Problems with "averages"

According to the Oxford Dictionary, an average is “a number expressing the central or typical value in a set of data…” There are several ways to calculate an average, but most people, at least non-mathematicians, use the word average to mean the arithmetic mean; or the sum of the values divided by the count of the values. The mean represents where a fulcrum would have to be placed on a number-line in order to get it to balance if we stacked blocks on it; one for each data point.

Consider the example of five factory workers sitting at a table in the cafeteria eating lunch. They all have the same job so they all have similar paychecks. Maybe one takes home $2,000, two more take home $2,100, the fourth takes home $2,200, and the fifth has the most seniority and takes home $2,600. The arithmetic mean would be $2,200 [(2000+2100+2100+2200+2600)/5)

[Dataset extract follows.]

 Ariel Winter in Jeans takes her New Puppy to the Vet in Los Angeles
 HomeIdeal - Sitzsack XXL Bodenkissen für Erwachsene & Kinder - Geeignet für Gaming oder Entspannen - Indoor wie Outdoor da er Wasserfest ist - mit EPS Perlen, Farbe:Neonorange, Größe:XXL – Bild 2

If we were to balance a number line on a fulcrum and place one block on 2000, two blocks on 2100, and one block each on 2200 and 2600; the number line would balance at 2,200.

This is a pretty good measure because all of the data is fairly close together. However, what would happen if the third guy won the lottery next week and his income jumped to $11,100. The arithmetic mean would jump to $4,000 [(2000+2100+11,100+2200+2600)/5] but because the third guy’s salary is so much higher than the others, it skews the average up. In this case a median, which is just the number in the middle when the data is sorted, would better represent the amount of money factory workers make.

Arithmetic means are sensitive to outlaying data. This tendency is often misused. For instance, in a country with a very large and growing differential between the average person and a rich person, the party in power may want to use the arithmetic mean of salaries to describe family income. They would do this because the super-high salary figures from the rich will tend to pull up the average, even though the “average” person’s income may have actually dropped over the last year.

In my opinion, there is no such thing as a bad statistic, there are only bad contexts. A statistic is just a number; it says what it says. But when we don’t have the context, for instance when we don’t know if there are outliers that are artificially adjusting the number, the message can be a lie, even if the math supports the number.

See you next time…